II. Athens & Thessaloniki
by Marina Fokidis
This is an excerpt from Even no. 2, published in fall 2015.
Devoid of humans, the city looks like a ghost of itself. The camera in Marina Gioti’s film As to Posterity (2014), seen earlier this year at the Thessaloniki Biennale, travels through the streets of Athens during different seasons and different times of the day—three years’ worth of travel, at the peak of the economic crisis. We pass through empty streets and parks, cinemas and shops, urban voids. The only apparent sound is that of the natural environment. Birds are still singing, but their song gives little hint of what has happened to the city’s other, human inhabitants.
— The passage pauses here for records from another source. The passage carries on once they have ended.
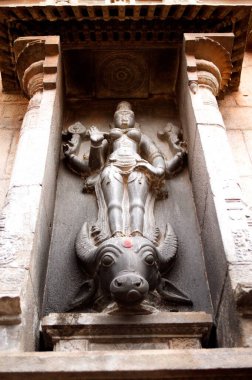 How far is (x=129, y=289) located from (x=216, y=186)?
54.2 inches

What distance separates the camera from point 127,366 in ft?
9.07

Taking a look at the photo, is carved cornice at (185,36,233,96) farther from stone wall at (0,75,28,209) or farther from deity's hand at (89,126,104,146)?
stone wall at (0,75,28,209)

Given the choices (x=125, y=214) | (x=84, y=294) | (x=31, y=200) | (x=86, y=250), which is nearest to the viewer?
(x=84, y=294)

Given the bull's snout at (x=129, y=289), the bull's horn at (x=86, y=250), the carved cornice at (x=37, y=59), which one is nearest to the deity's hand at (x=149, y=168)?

Is this the near future, or an allegory for the present? An end or a beginning? The landscape Gioti presents in As to Posterity is more oneiric than real — despite the fact that it is neither staged nor digitally manipulated. The despair and solitude evoked by the urban desert coexist with a sense of a wishful utopia, as if this is the Athens that might appear when the place is free of its main destroyers: we humans ourselves. Without losing its hard edge, formed as it is of images from the symbolically and literally ruined Greek capital, the film seems like an ode to an impossible place. That is already here.
“Anyone who lived through the days of December 2008 in Athens knows what the word ‘insurrection’ signifies in a western metropolis,” write the members of the anonymous French collective The Invisible Committee in their new book To Our Friends. Even the Christmas tree standing in Syntagma Square was set ablaze. Seven years later, we can see just where that insurrection got us. “What the Greek case shows us,” The Invisible Committee concludes, “is that without a concrete idea of what a victory would be, we can’t help but be defeated. Insurrectionary determination is not enough; our confusion is still too thick. Hopefully, studying our defeats will serve at least to dissipate it somewhat.”
Unemployment, pay cuts, constant demonstrations, instability, fascism, injustice, corruption, lack of resources, a newly radicalized class of people just sacked, frustration, mandatory migration, displacement, uncertainty, lack of welfare, loss of hope, elections, re-elections, power manipulation, fatigue, exhaustion, paralysis, capital controls…. The everyday here in Greece is like a leaky vessel. And while the water level is dropping, ideas on how to survive in the postcapitalist desert do not come easy. The situation is ruthless, and there are no easy solutions. All possible outcomes entail a degree of discomfort or a price to be paid. The Greek crisis confronts us as a harsh reality that is here to stay: a difficult episode of an unknown duration, which we all have to learn to survive as best as possible.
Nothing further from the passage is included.